2. Murthy GVS, Gupta SK, Bachani D, Jose R, John N. Current estimates of blindness in India.Br J Ophthalmol. 2005 Mar;89(3):257–60.

3. Polack S, Kuper H, Wadud Z, Fletcher A, Foster A. Quality of life and visual impairment from cataract in Satkhira district, Bangladesh. Br J Ophthalmol. 2008 Aug;92(8):1026–30.

4. Kumar R. Ophthalmic manpower in India–need for a serious review. Int Ophthalmol. 1993 Oct;17(5):269–75.

5. Fletcher A, Donoghue M, et al, Low uptake of eye care services in rural India. Archives of Ophthalmology Vol. 117 Oct. 1999

6. Thulasiraj RD, Rahamathulla R, Saraswati A, Selvaraj S, Ellwein LB. The Sivaganga eye survey: I. Blindness and cataract surgery. Ophthalmic Epidemiol. 2002 Dec;9(5):299–312.

7. Thulasiraj RD, Reddy A, Selvaraj S, Munoz SR, Ellwein LB. The Sivaganga eye survey: II. Outcomes of cataract surgery. Ophthalmic Epidemiol. 2002 Dec;9(5):313–24.
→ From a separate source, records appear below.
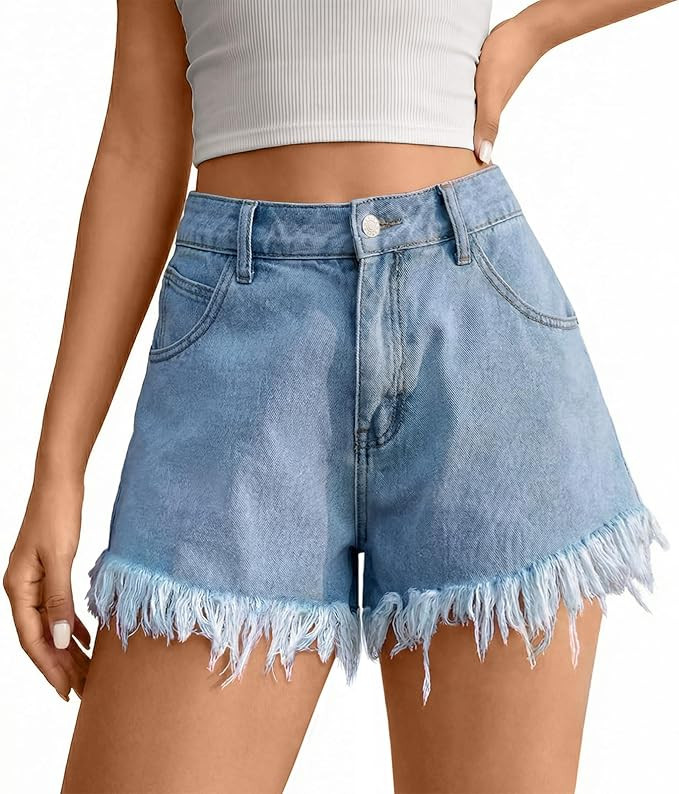 Tankaneo Jean Shorts for Women Summer Elastic High Waisted Raw Hem Denim Shorts Casual Stretchy H... | Amazon (US)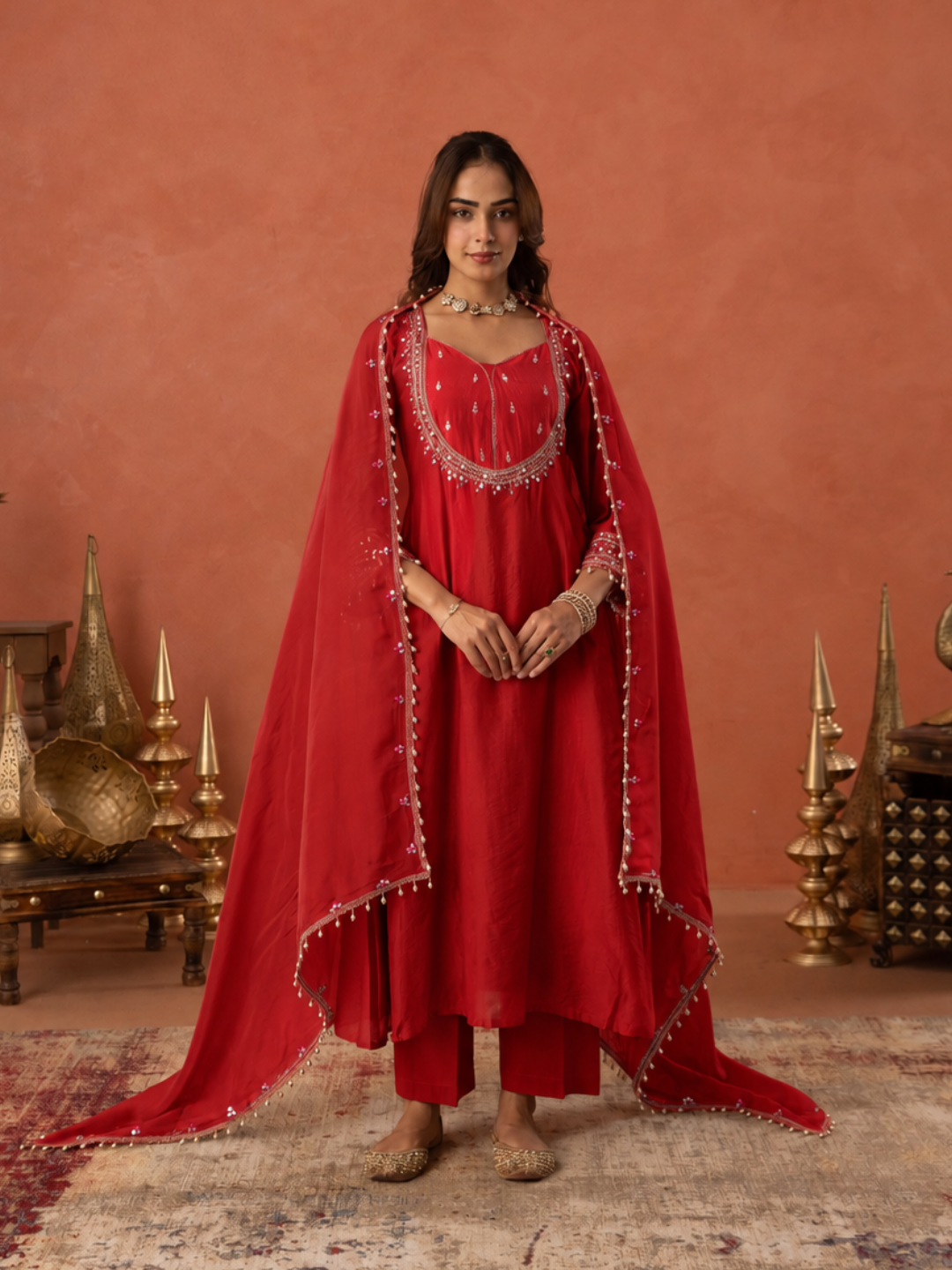 Red Chanderi Mirrorwork A- Line Kurta Set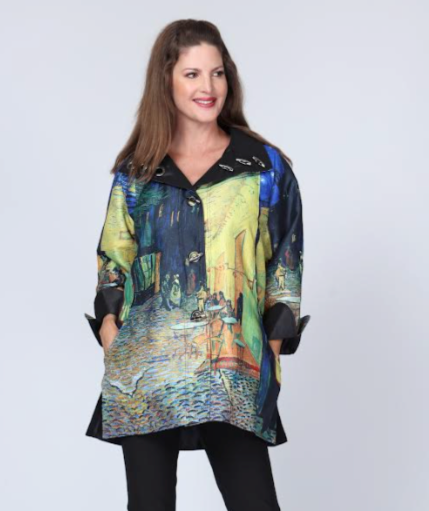 Oopera Reversible Raincoat - CAFE TERRACE AT NIGHT BY VINCENT VAN GOGH 1888 - J8839RW-1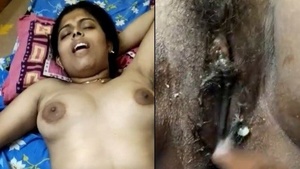 Bhabhi from India pleasures her lover with her fingers and licks his pussy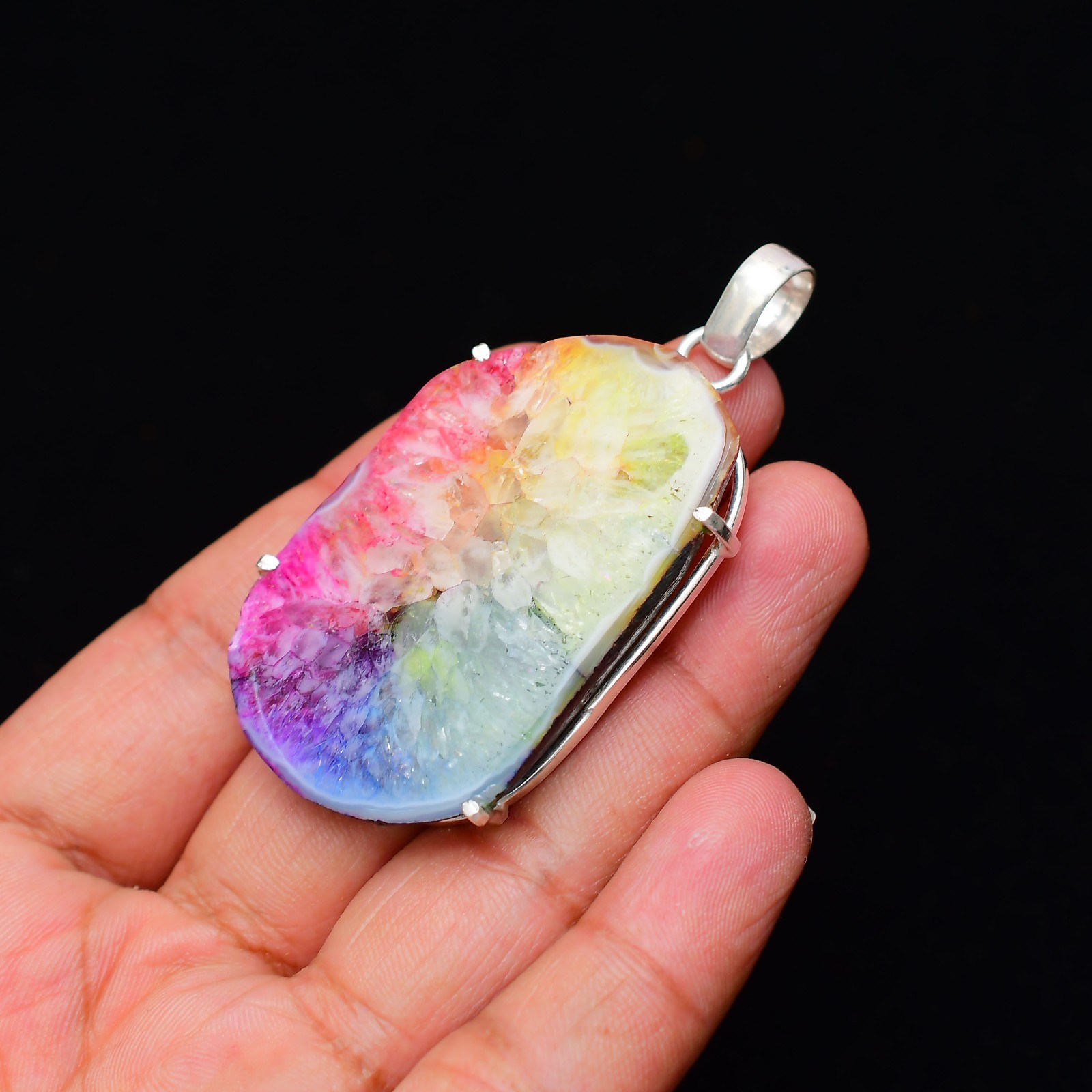 Solar Quartz Gemstone 925 Sterling Silver Jewelry Pendant 2.36″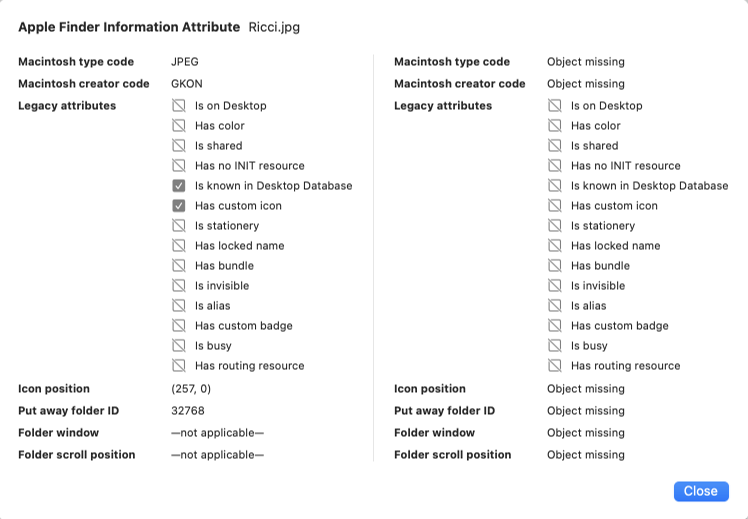 Finder Information Details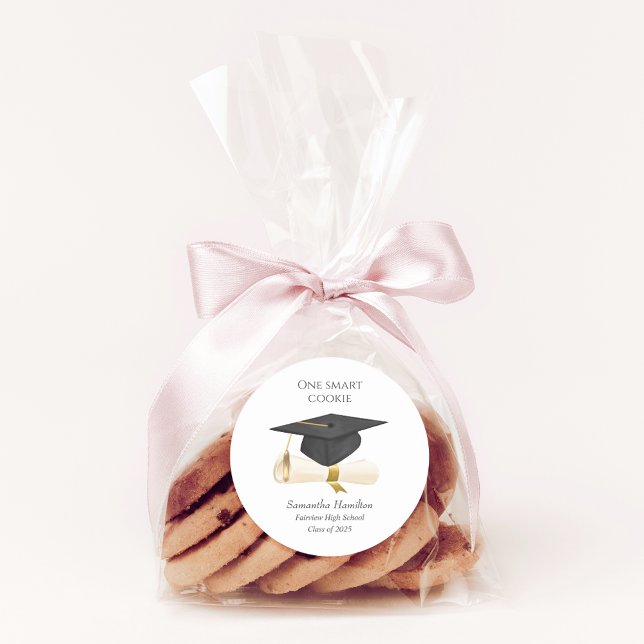 Graduation Cap Personalised Classic Round Sticker (Creator Uploaded)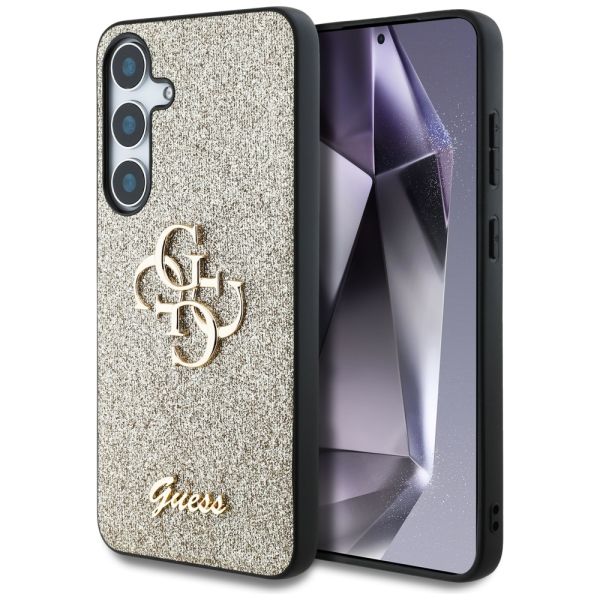 Coque Guess Fixed Glitter Big 4G Metal Logo to Samsung Galaxy S25 Plus gold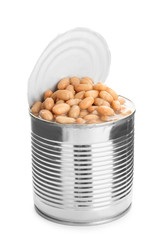 Tin can with beans on white background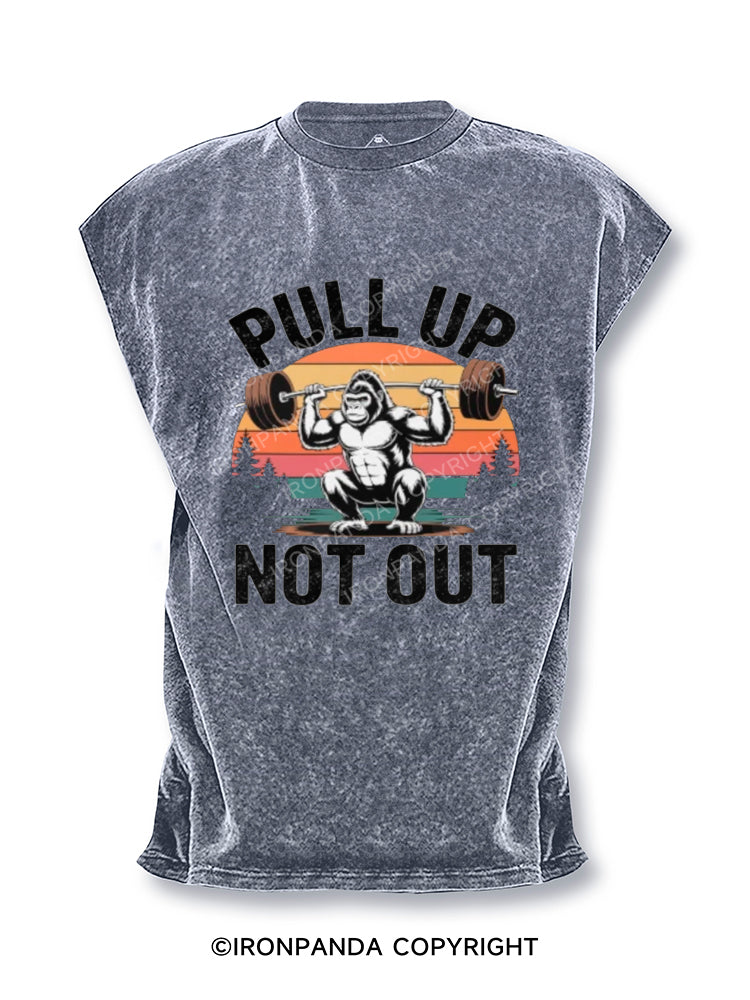 Funny Bigfoot Pull Up Not Out Fitness Cut Off Tank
8. Nirmalan PK, Thulasiraj RD, Maneksha V, Rahmathullah R, Ramakrishnan R, Padmavathi A, et al. A population based eye survey of older adults in Tirunelveli district of south India: blindness, cataract surgery, and visual outcomes. Br J Ophthalmol. 2002 May;86(5):505–12.

9. Donatella Pascolini, Silvio Paolo Mariotti, Global estimates of visual impairment: 2010, Br J Ophthalmol 2012;96:614e618. doi:10.1136/bjoph- thalmol-2011-300539.

10. Mandal K, Benson S, Fraser SG. The contribution to ophthalmic literature from different regions of the world. Int Ophthalmol. 2004 May;25(3):181–4.